Baldwin declares he is proud to be Black and notes that the term “African American” reveals the tension between the African and European history. African American people can no longer defend Western civilization and American society, seeing that its insistence on hatred will lead to destruction. Instead, they hope to transform it with a “passionate love.”
Martin Luther King Jr.’s assassination deeply impacted Baldwin and was a turning point for the civil rights movement in general. Black people realized that their lives were under threat within a social order that resisted change. The Black Panther Party expressed the needs of Black people in the late 1960s and 1970s. Abandoning the investment in nonviolence, the Black Panthers advocated for the right to defend oneself and one’s community against racial and systemic violence. Black Power leaders focused on the empowerment of African American communities and invested in Black national identity, shifting from integration politics.
Baldwin explains that the Black Panther Party was a product of the urban “ghetto” structure that was plagued by police violence and constant marginalization. He emphasizes the importance of community, stressing that “without community support, the Panthers would have been merely another insignificant street gang” (158). Baldwin’s analysis counters the mainstream image of the Black Panthers as violent militants. He notes that Black Panthers’ resistance and activism against the police marked them as agitators, and the government considered them an outlaw organization and a threat to domestic peace.

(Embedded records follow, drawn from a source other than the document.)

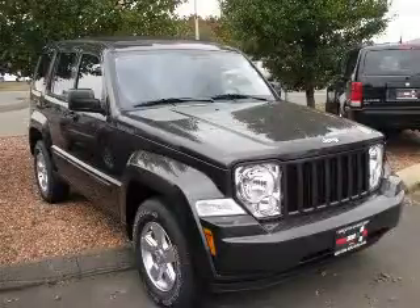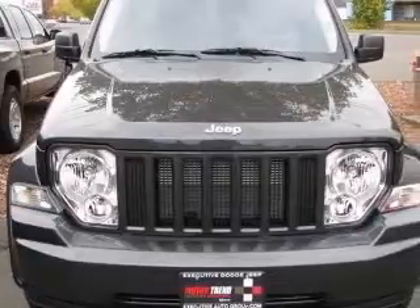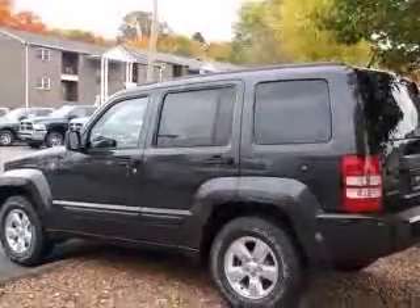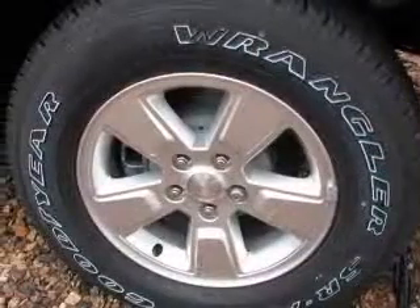We are proud to present this excellent new 2011 Jeep Liberty. This Liberty has a 3.7L V6 engine and an automatic transmission. This vehicle has a dark charcoal pearl coat exterior and includes the following options.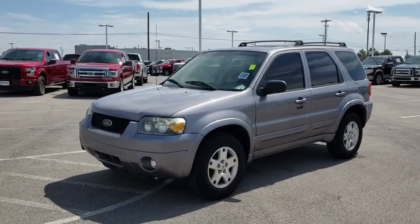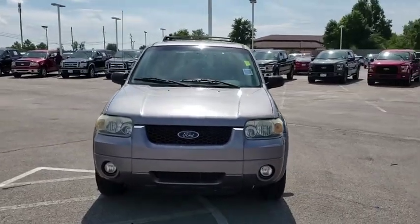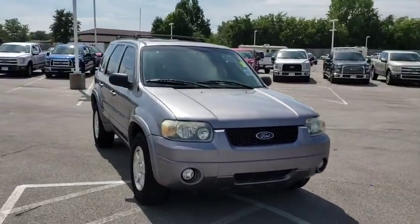Make a great choice today with the 2007 Ford Escape. Gas engines flex, tow, sip and go with Ford Escape.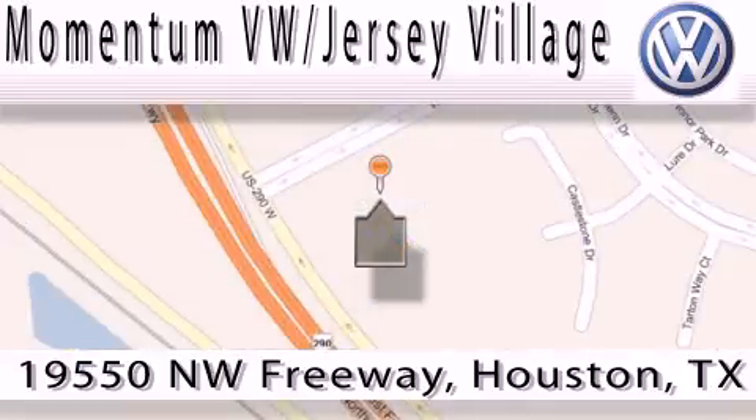Contact our internet department today or stop on by. We're easy to find. Just take 290 West to the Eldridge Parkway exit.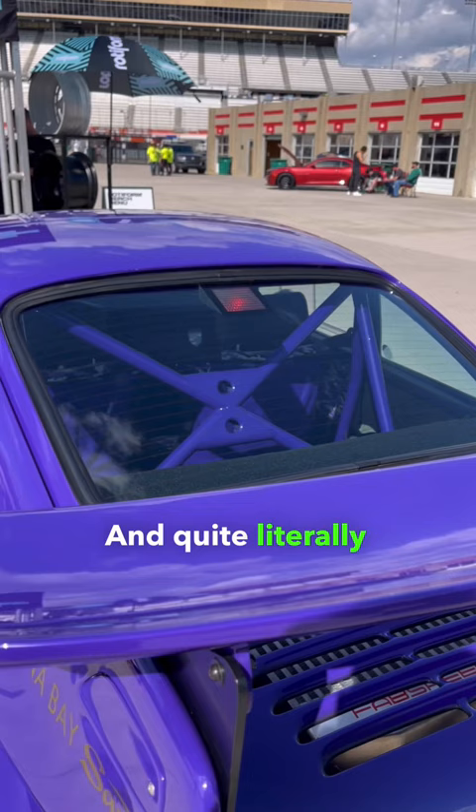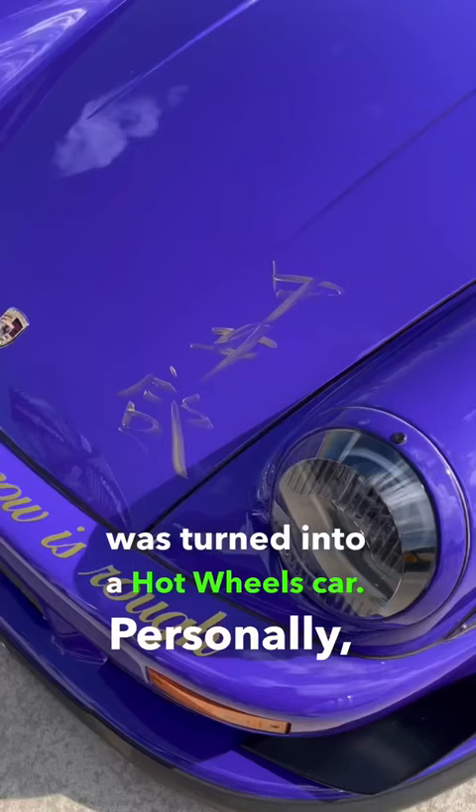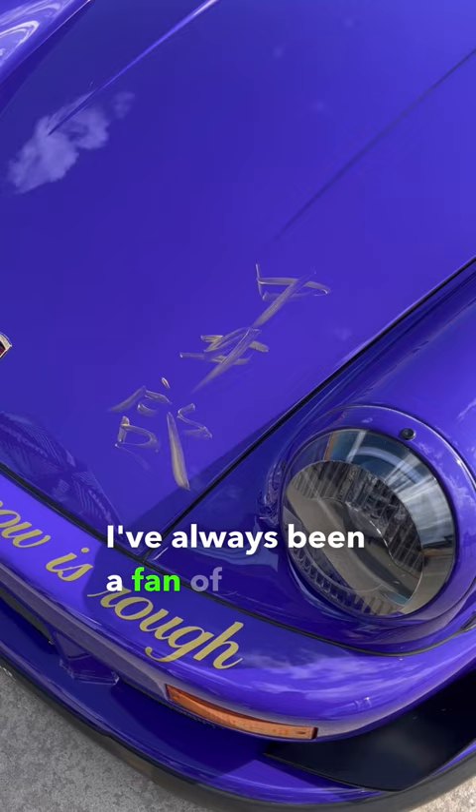If this particular car looks familiar to you, that's because it was turned into a Hot Wheels car. Personally, I've always been a fan of the RWB cars, but I know they make a lot of purists angry. What do you think? Let me know.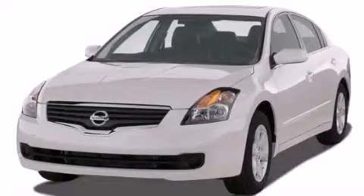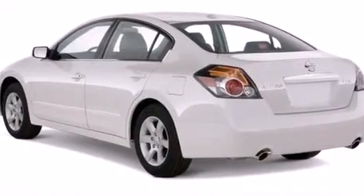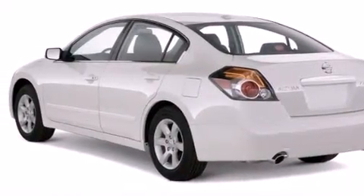This is a 2007 Nissan Altima. It features a 2.5-liter four-cylinder engine and a continuous variable transmission.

However, the Black Panthers represented and responded to the immediate needs of the Black community.
Baldwin argues that as political power structures sought “to bleed the ghetto” (131), the Black Panthers worked for its protection. He explains that the police were the actual instigators of disorder and violence, while the Black Panthers were “a great force for peace and stability in the ghetto” (165). For Baldwin, “[w]hite America remains unable to believe that black America’s grievances are real” (165). White Americans’ failure to acknowledge the reality of injustice and contest the honor and authority of the legal system poses a mortal danger for Black Americans. The Black Panthers worked for Black people’s self-determination and self-realization, and toward “the health and liberation of the community” (166). Even though the political persecution of the Black Panthers endangered the overall survival of the Black Power movement, Black people were determined to forge a new reality.
The Role of Masculinity in the Racial Struggle becomes evident in Baldwin’s meetings with the Black Panther leaders who invested in their manhood as a means of reclaiming their humanity. Baldwin’s sexuality often put him at odds with them, and he notes that Eldridge Cleaver aligned him “with the unutterable debasement of the male” (171). Baldwin criticizes this stance, noting that “a failure to respect the person so dangerously limits one’s perception of the people” and endangers the cause (172).
Baldwin emphasizes the importance of Love and Hope in the Black Power Era. Contrasting the white revolutionaries of the period to Black activists, he stresses that white youth lacked the emotional and political maturity to bridge the racial divide. They experienced discomfort with their prescribed social roles, but “were far from judging or repudiating the American state as oppressive or immoral” (182). However, the clash between white and Black radicals is crucial for social change. Ultimately, it is “passionate love” that led Black people to challenge American society and draw attention to The Crisis and Demise of Western Culture.